Comment 5 Tom Lane 2011-05-09 18:41:49 UTC
Yeah, I will add Default-Start and Default-Stop --- these scripts are not, in my mind, meant to be for systemd platforms only.

I had already come to the conclusion that $syslog would be a good idea.  I am also wondering about using $remote_fs instead of $local_fs --- it's not unheard of for people to put databases on storage outside /var, which is the only filesystem tree that's guaranteed to be mounted by $local_fs according to what I'm reading.  Also that Debian page suggests that $remote_fs is a better idea during shutdown.  Do you see any particular downside to that choice?

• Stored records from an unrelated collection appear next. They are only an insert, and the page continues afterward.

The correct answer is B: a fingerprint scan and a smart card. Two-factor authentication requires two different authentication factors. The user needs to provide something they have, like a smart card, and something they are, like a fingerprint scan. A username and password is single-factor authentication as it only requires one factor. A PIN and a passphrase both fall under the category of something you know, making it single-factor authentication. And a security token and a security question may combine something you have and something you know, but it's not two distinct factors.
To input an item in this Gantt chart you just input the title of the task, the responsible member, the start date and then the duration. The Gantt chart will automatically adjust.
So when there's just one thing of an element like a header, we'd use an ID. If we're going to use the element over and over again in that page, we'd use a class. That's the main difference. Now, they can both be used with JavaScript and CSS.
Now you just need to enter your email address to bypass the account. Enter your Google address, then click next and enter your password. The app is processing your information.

Comment 6 Michał Piotrowski 2011-05-09 18:51:54 UTC
httpd uses both $remote_fs and $local_fs
Required-Start: $local_fs $remote_fs $network(In reply to comment #5)
> Yeah, I will add Default-Start and Default-Stop --- these scripts are not, in
> my mind, meant to be for systemd platforms only.
> 
> I had already come to the conclusion that $syslog would be a good idea.  I am
> also wondering about using $remote_fs instead of $local_fs --- it's not unheard
> of for people to put databases on storage outside /var, which is the only
> filesystem tree that's guaranteed to be mounted by $local_fs according to what
> I'm reading.  Also that Debian page suggests that $remote_fs is a better idea
> during shutdown.  Do you see any particular downside to that choice?

No, I don't. Httpd uses both $remote_fs and $local_fs
Required-Start: $local_fs $remote_fs $network

Comment 7 Tom Lane 2011-05-09 19:14:53 UTC
Hmm ... that Debian page says "Scripts depending on $remote_fs do not need to depend on $local_fs".
However, it seems like a good conservative thing to depend on both, so I'll do it like httpd.

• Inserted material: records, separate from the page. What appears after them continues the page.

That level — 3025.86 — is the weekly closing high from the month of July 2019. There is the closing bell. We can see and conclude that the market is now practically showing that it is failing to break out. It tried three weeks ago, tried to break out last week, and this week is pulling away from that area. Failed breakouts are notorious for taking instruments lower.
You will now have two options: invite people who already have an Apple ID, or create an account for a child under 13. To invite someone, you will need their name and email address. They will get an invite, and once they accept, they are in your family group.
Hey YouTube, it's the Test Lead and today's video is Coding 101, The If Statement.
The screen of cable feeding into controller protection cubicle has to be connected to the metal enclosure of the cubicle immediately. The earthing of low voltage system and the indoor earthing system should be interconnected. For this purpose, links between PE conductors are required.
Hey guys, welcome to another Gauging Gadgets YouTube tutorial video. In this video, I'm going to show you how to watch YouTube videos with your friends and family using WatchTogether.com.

Comment 8 Tom Lane 2011-05-09 19:31:30 UTC
Uh oh ... experimentation proves that this:

### BEGIN INIT INFO
# Provides: postgresql
# Required-Start: $local_fs $remote_fs $network $syslog
# Required-Stop: $local_fs $remote_fs $network $syslog
# Default-Start: 2 3 4 5
# Default-Stop: 0 1 6
# Short-Description: start and stop PostgreSQL server
# Description: PostgreSQL database server
### END INIT INFO

does not actually fix the problem.  Does "$network" not include a guarantee that DNS service is up??

Comment 9 Bill Nottingham 2011-05-09 19:41:27 UTC
It depends.

$network can be provided by either the legacy init.d/network script, or NetworkManager.

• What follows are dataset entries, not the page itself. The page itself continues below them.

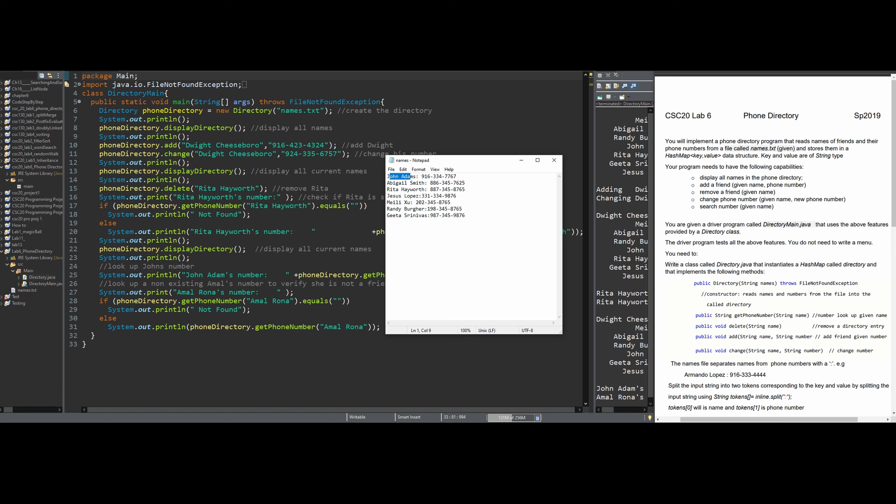Our program will need to have the following capabilities: we're going to display all the names in our phone directory, we can add someone, we can remove someone, we can change their phone number, and we can also search for a number given a specific name.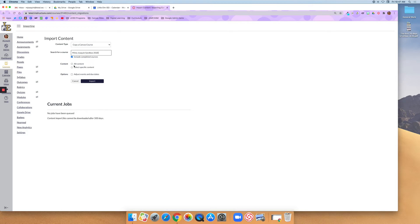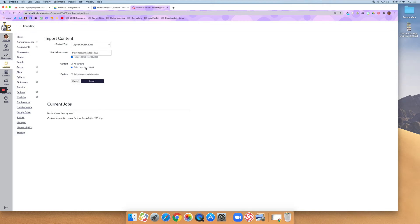And I want all content, or do I want specific content? Remember that you can pick. If you only want certain items to come over, click on Select Specific Content. If you want everything in the course, then say All Content.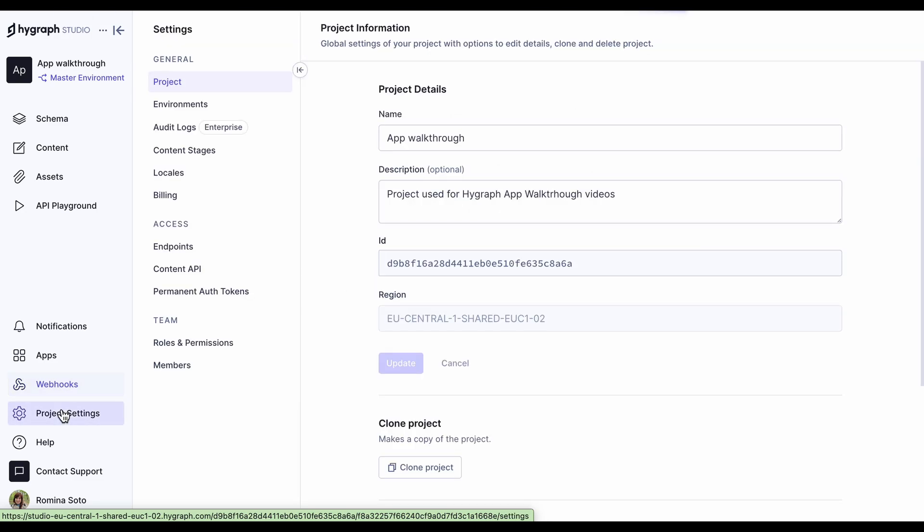Here we have the project settings tab, where you will have general information as well as access settings. Let's go over the options here one by one.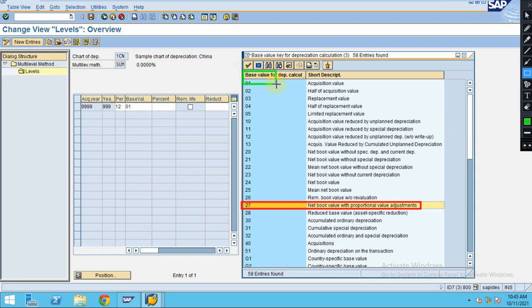But now when it comes to our sum of digits, we are using 0 1 which is the acquisition value. Every time we are using this for calculating the sum of digits for the cost. If you look into here in this step, this is where you need to maintain this base value.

init.d/network is synchronous; NM is not by default.

NM can be made synchronous by:

1) in F-14 and prior:

  setting NETWORKWAIT=yes in /etc/sysconfig/network

2) in F-15 and later:

  running 'systemctl enable NetworkManager-wait-online.service"
  (or 'chkconfig NetworkManager-wait-online on' - it maps to the systemctl command.)

Comment 10 Michał Piotrowski 2011-05-09 19:44:42 UTC
(In reply to comment #8)
> Uh oh ... experimentation proves that this:
> 
> ### BEGIN INIT INFO
> # Provides: postgresql
> # Required-Start: $local_fs $remote_fs $network $syslog
> # Required-Stop: $local_fs $remote_fs $network $syslog
> # Default-Start: 2 3 4 5
> # Default-Stop: 0 1 6
> # Short-Description: start and stop PostgreSQL server
> # Description: PostgreSQL database server
> ### END INIT INFO
> 
> does not actually fix the problem.  Does "$network" not include a guarantee
> that DNS service is up??

There is a $named in httpd. But I don't see any systemd target installed by default that will guarantee DNS service.

Comment 11 Tom Lane 2011-05-09 19:45:44 UTC
Actually, it doesn't look to me like systemd is paying any attention whatsoever to the LSB INIT block.
Maybe I'm missing some key detail about this.  For testing purposes, I'm just editing the scripts in /etc/rc.d/init.d/.  Do I need to take some other action to whack systemd over the head and get it to re-examine the scripts?  I tried chkconfig off and then on again, but no change ...

Comment 12 Tom Lane 2011-05-09 19:47:29 UTC
(In reply to comment #10)
> There is a $named in httpd. But I don't see any systemd target installed by
> default that will guarantee DNS service.

So, let me get this straight: system provides no way to guarantee that either a network connection or DNS service exists before a network-dependent service is started.  Why is this bug filed against postgresql and not systemd?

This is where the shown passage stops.